A new documentary explores the impact of the nickname that some believed ‘wounded everyone in its path’.

Ally Sheedy, Andrew McCarthy and Demi Moore attend the Brats premiere in New York last week. Picture: Getty Images
Ally Sheedy, Andrew McCarthy and Demi Moore attend the Brats premiere in New York last week. Picture: Getty Images

When an American magazine writer in the 1980s coined the term “Brat Pack” to describe the brash young stars of Hollywood’s new coming-of-age movies, he never imagined it would endure almost 40 years later.

Yet for decades actors such as Emilio Estevez, Rob Lowe, Molly Ringwald, Demi Moore, Andrew McCarthy and Judd Nelson could not escape the tag after featuring in beloved films such as Sixteen Candles, The Breakfast Club and St Elmo’s Fire.

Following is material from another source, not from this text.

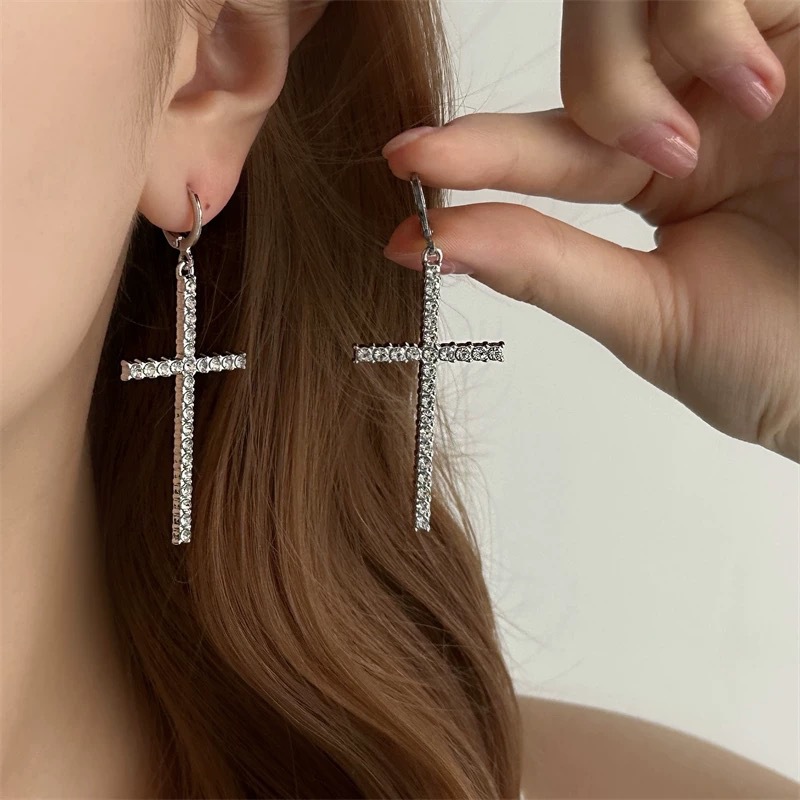 Minimalist Fashion Zircon Cros - Men'S Minimalist Accessories recension och pris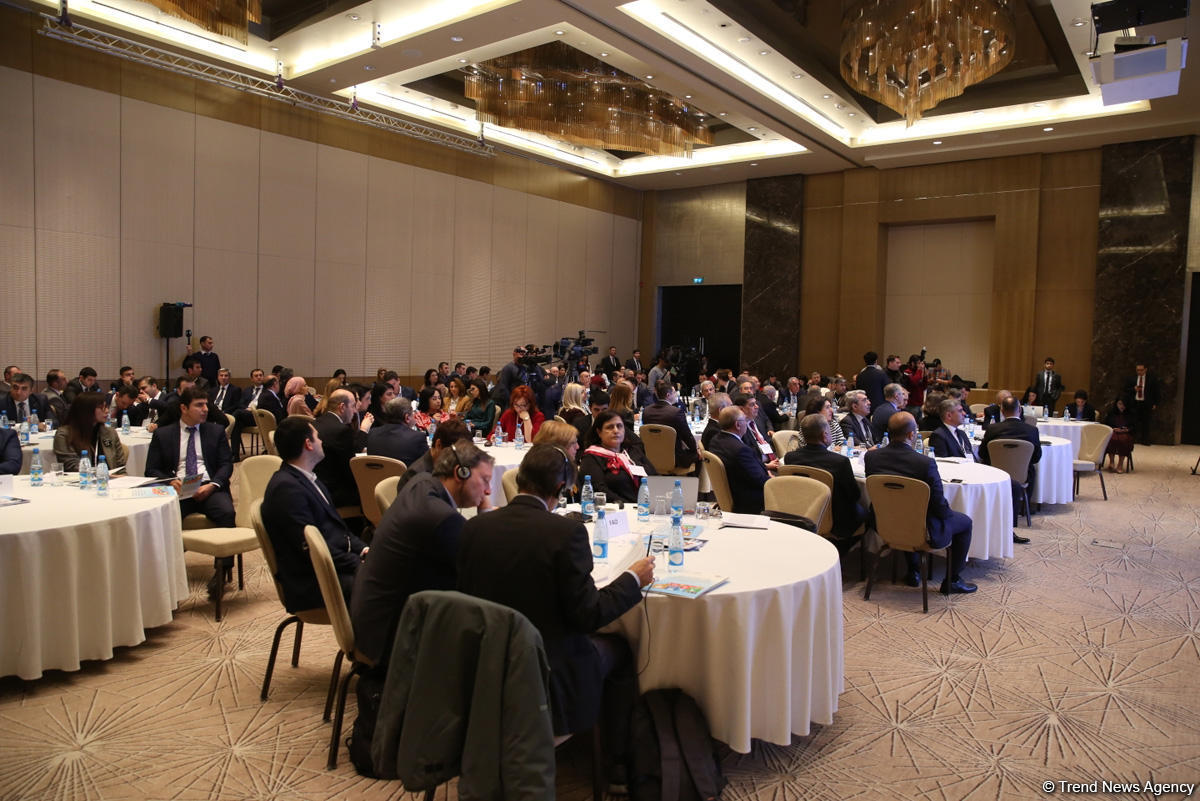 Seminar on role of private sector in agriculture, food sector starts in Baku (PHOTO)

Now, after years of debate over whether the nickname “mortally wounded everyone in its path”, some of the stars have confronted its legacy in a new documentary directed by McCarthy.

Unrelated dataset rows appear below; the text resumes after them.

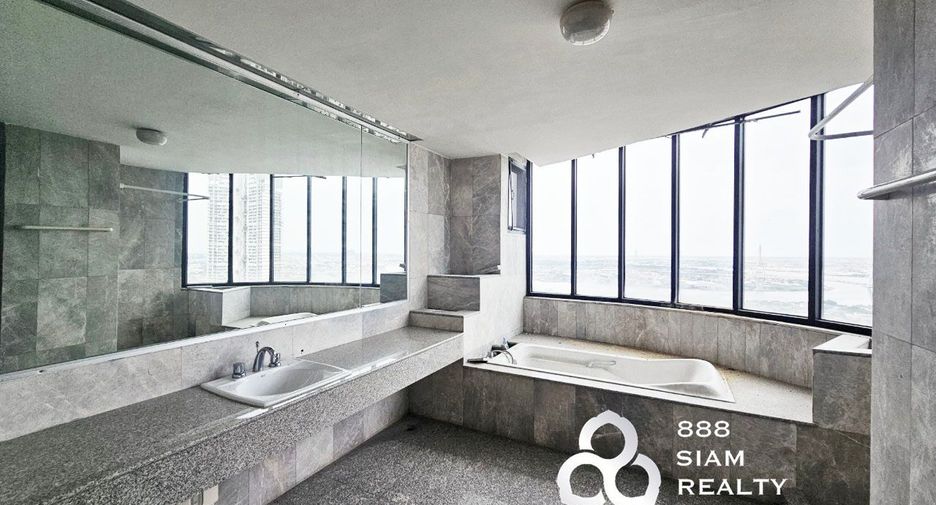 For sale 3 bedrooms condo in Yan Nawa, Bangkok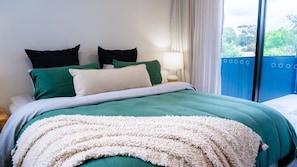 3 bedrooms, iron/ironing board, free WiFi, bed sheets - Happy Hour by Experience Jervis Bay (Huskisson)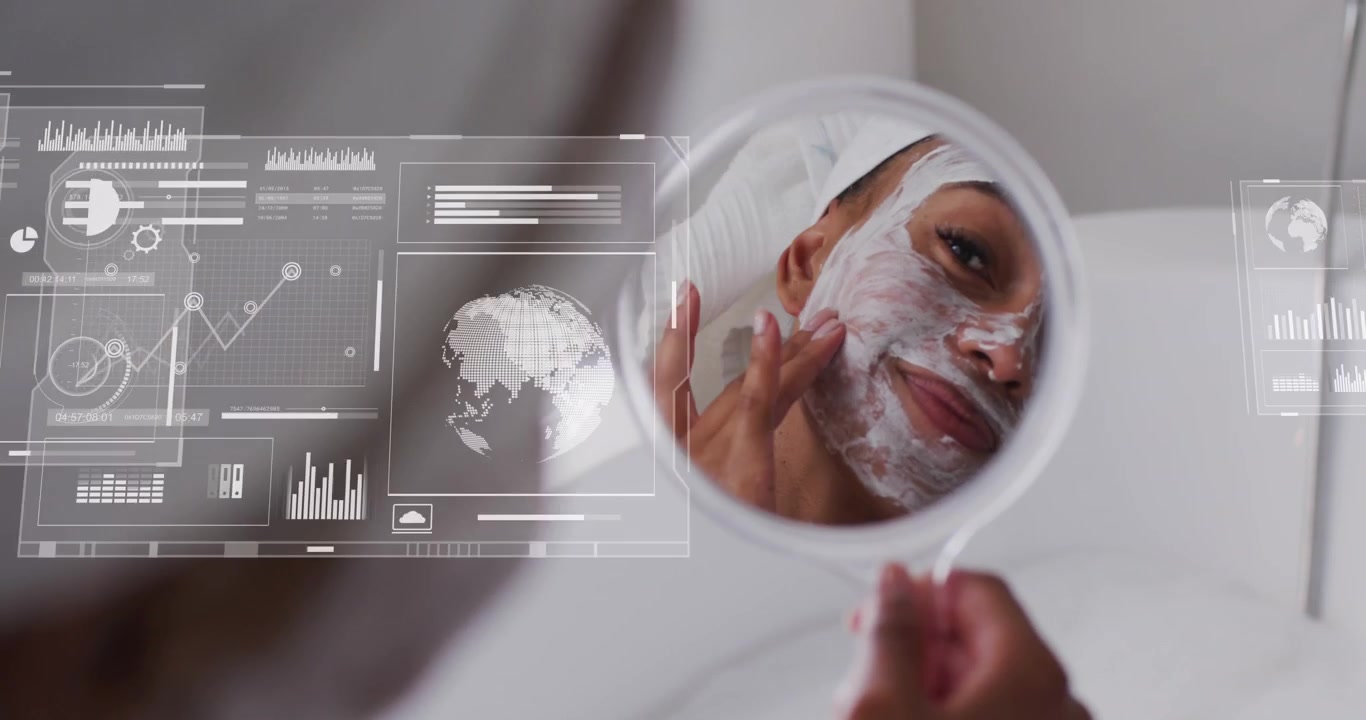 Donna che applica una maschera per la cura della pelle con sovrapposizione di dati digitali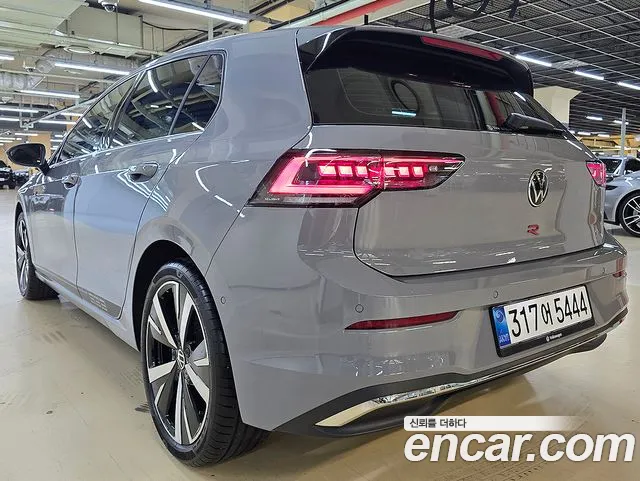 Volkswagen Golf Golf 8 поколение 2.0 TDI Prestige — Фото автомобиля 6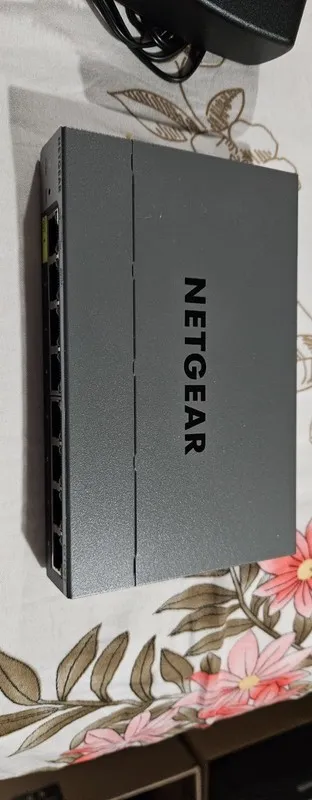Коммутатор NETGEAR GS108Tv3 8-Port Gigabit Ethernet Smart Switch with Cloud Mana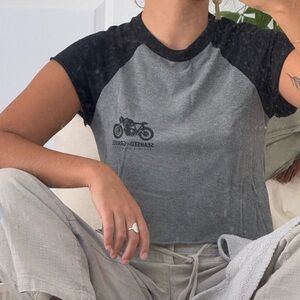 seaweed & gravel crop top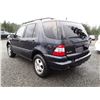 Image 8 : A12J --  2002 MERCEDES ML320  , Blue , 171,604 MILES  KM's
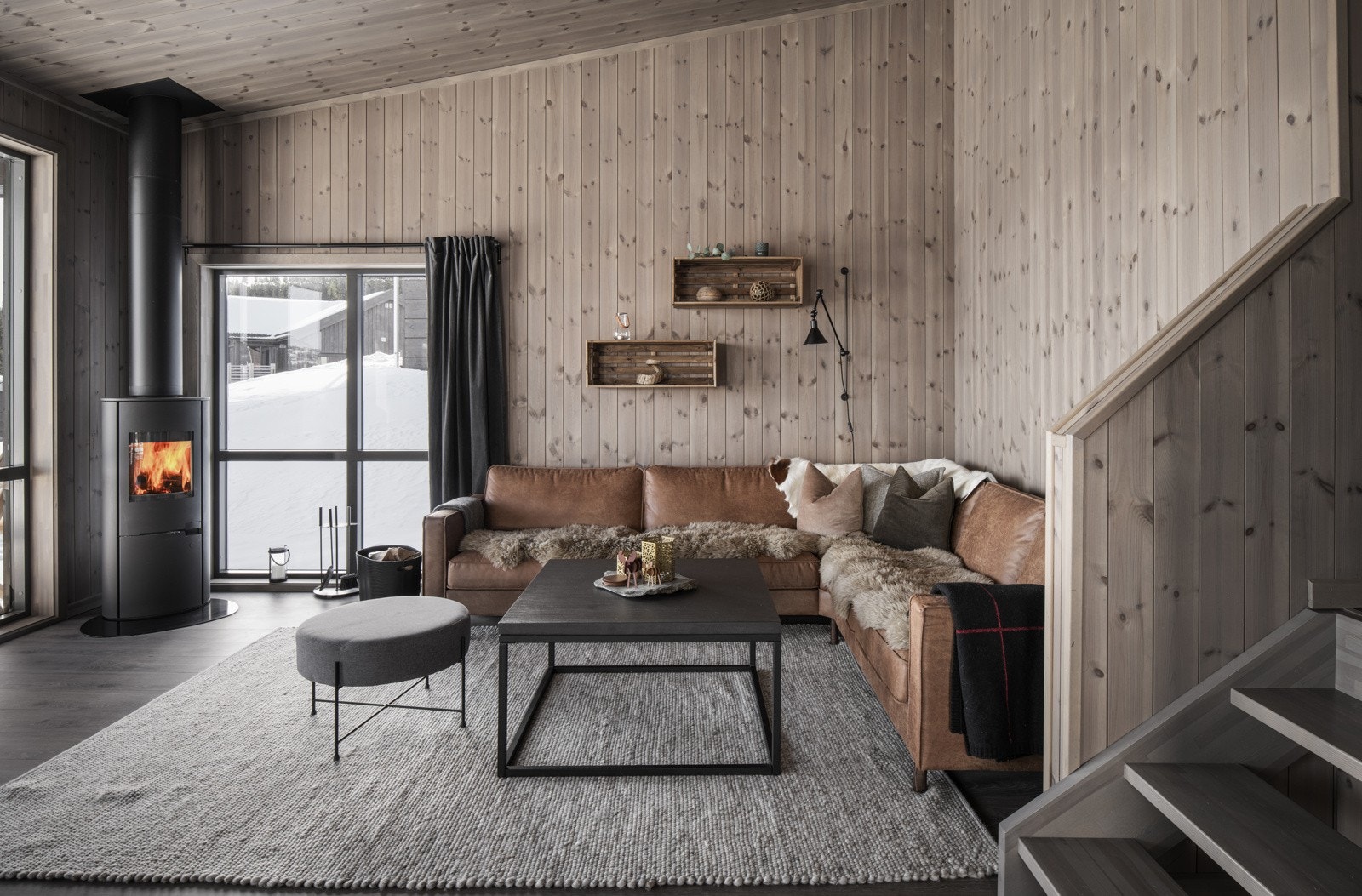 Romslig stue med store vinduer som slipper rikelig med lys inn. Galleribilde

Brats, from US streaming service Hulu, explores the impact the nickname had on the group – which, according to the subjects, was significant. The term, 61-year-old McCarthy says in the documentary, “affected my life massively” and may have led to him being pigeonholed for the rest of his career.

Estevez, 62, apologises to ­McCarthy for declining to star alongside him shortly after the article was published in 1985 due to being spooked by the nickname.

Like all good stories, the tale of the Brat Pack requires a villain – and up steps David Blum, the New York magazine writer who invented the name. His account of his time partying with Estevez, Nelson and Lowe included a line describing them as “a roving band of famous young stars on the prowl for parties, women and a good time”.

Blum’s label stuck and the phrase was soon attached to stories about the emerging actors and the films they appeared in.

Late-night television host Johnny Carson referenced the nickname in a monologue and the subjects were furious at Blum for what they perceived as a slight. The label was a riff on the Rat Pack, Frank Sinatra’s crew of crooners who became synonymous with living the high life in Las Vegas.

While a pithy nickname for rising stars, Blum’s phrase came to symbolise a new era in Hollywood when the film industry realised huge profits could be made from young people who had only occasionally seen their lives reflected on the big screen. Often set at high schools and exploring the everyday angst of teenagers, movies such as John Hughes’s Sixteen Candles, The Breakfast Club and Ferris Bueller’s Day Off proved coming-of-age stories had box office appeal.

“The 1980s was a moment in time when Hollywood was discovering the power of the youth market and they were realising that you could make a movie like The Breakfast Club for very little money,” said Susannah Gora, the author of You Couldn’t Ignore Me If You Tried: The Brat Pack, John Hughes and Their Impact on a Generation.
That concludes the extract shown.